2008年05月24日 11時02分35秒 | 小説
 オマケの「恋する誕生日」は題からして間違っていないか?と疑問を抱かずにはいられません。

 ロバートに半ば脅されて(自覚を促すためのお芝居)漸くアレクに対する恋心を自覚し己の想いを認めて受け入れたジェイルは、自分の罪を悔い改めてアレクと今度こそ共に幸福に生きていきたいと願いますが、ジェイルを愛してはいても身も心も捧げたジェイルは自分を道具として利用しただけだと、藍家の牢獄で自分に献身的に尽くし激しい情熱を傾けて恋い焦がれて求めてくれた姿は激しい情熱で自分を求め、深く慈しんでくれた心はアレクを篭絡するための虚偽でしかなかったと知ってしまい、ジェイルを信じられなくなっていたアレクはなかなかジェイルが自分を愛してくれているとは信じられませんでした。

 甲斐甲斐しく世話を焼き愛していると必死に掻き口説いて漸くジェイルの想いはアレクに信じて貰えて良かったですね。
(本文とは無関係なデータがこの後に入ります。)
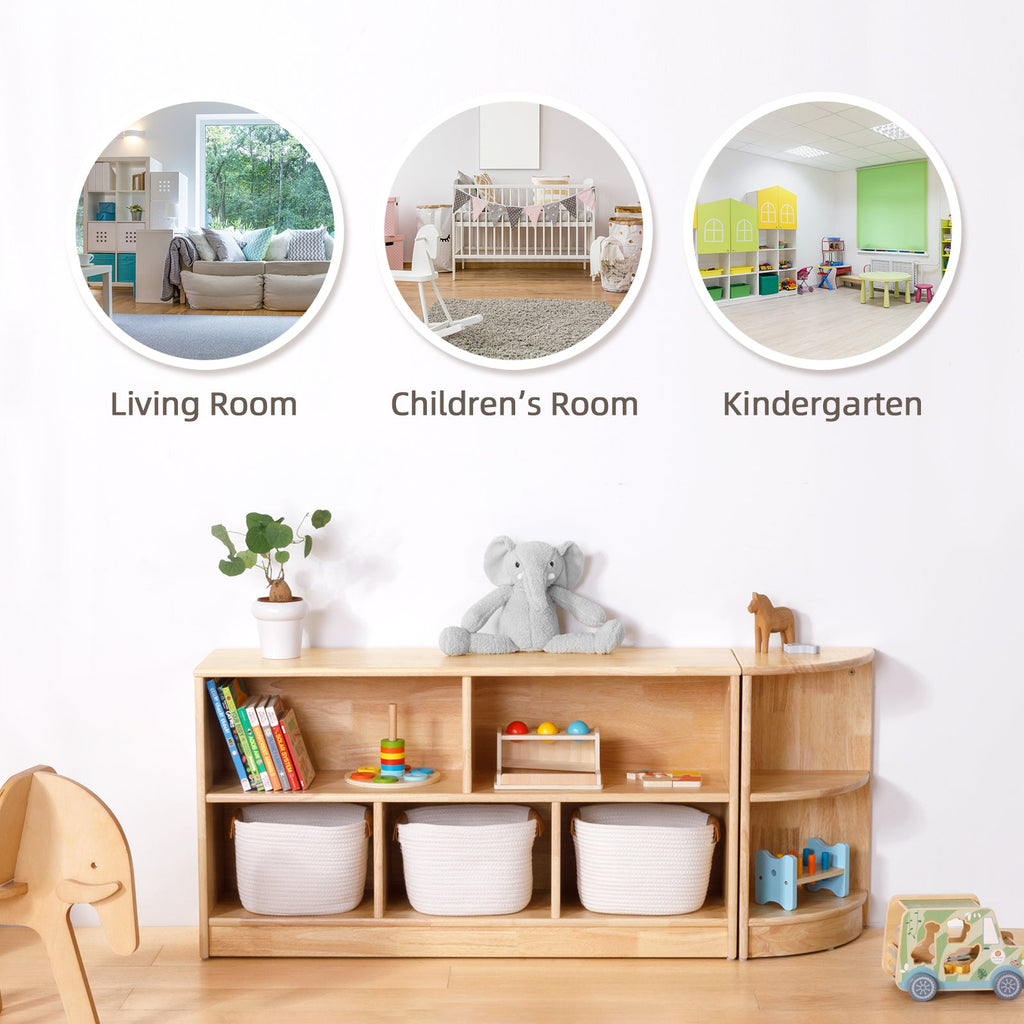 MEEYOO Rubber Wood 5-Compartment Montessori Shelf ( LARGE SIZE)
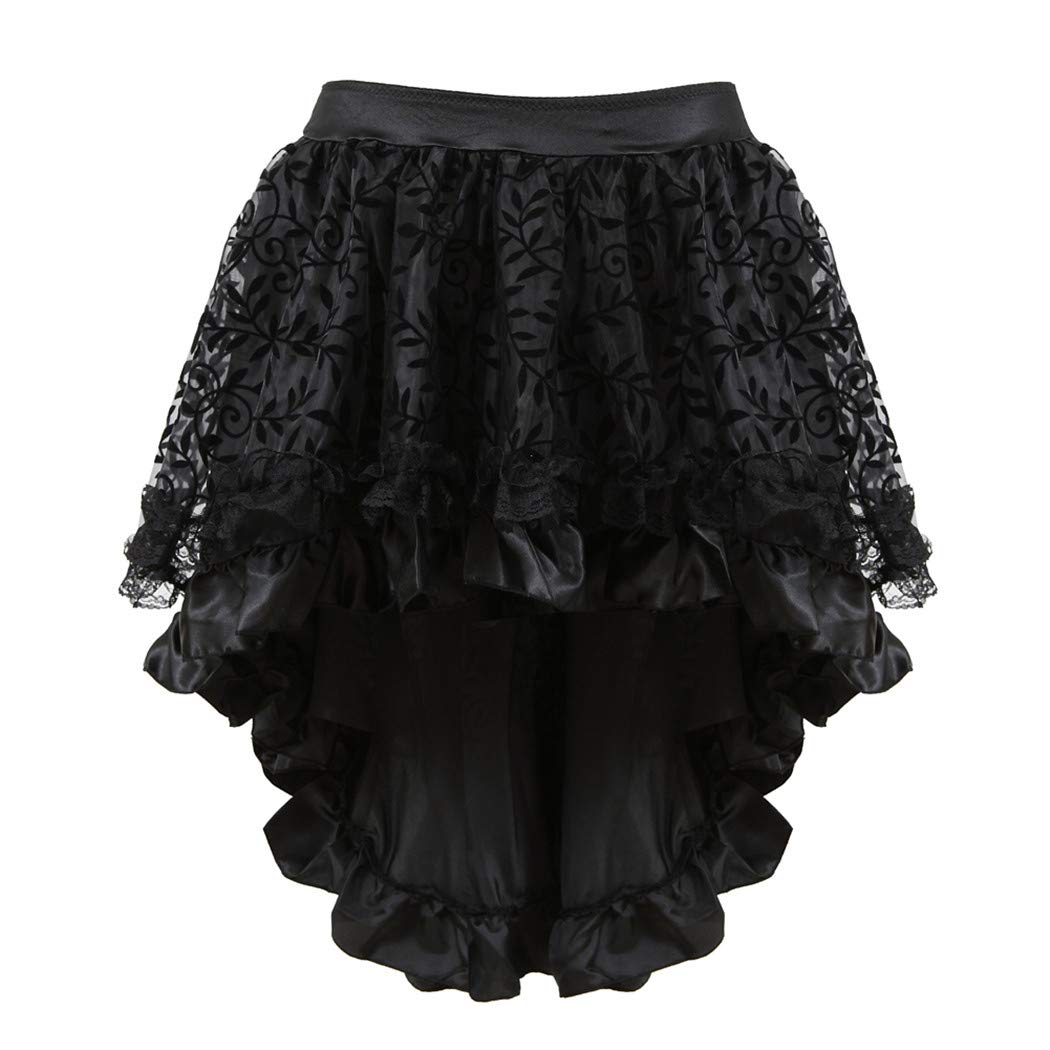 Grebrafan Steampunk Skirt for Corset Women Fluffy Pleated Layered Tutu Skirt (US(4-6) S, Black)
しかし、おまけの「恋する誕生日」は最初はラブラブだなぁと思ったのも束の間、お前、本当にアレクを愛しているのか?道具扱いして楽しんでいるだけだろうが。と突っ込みたくなる辱めのオチになっていたのは残念でした。プラチナ文庫・あさひ木葉先生の『虜は愛に身を焦がす』のオマケの「はじめて」みたいに夫婦(めおと)の営みを始める求婚と2人だけのベッドの中の結婚式&真の意味での初夜をきちんと描いて欲しかったです。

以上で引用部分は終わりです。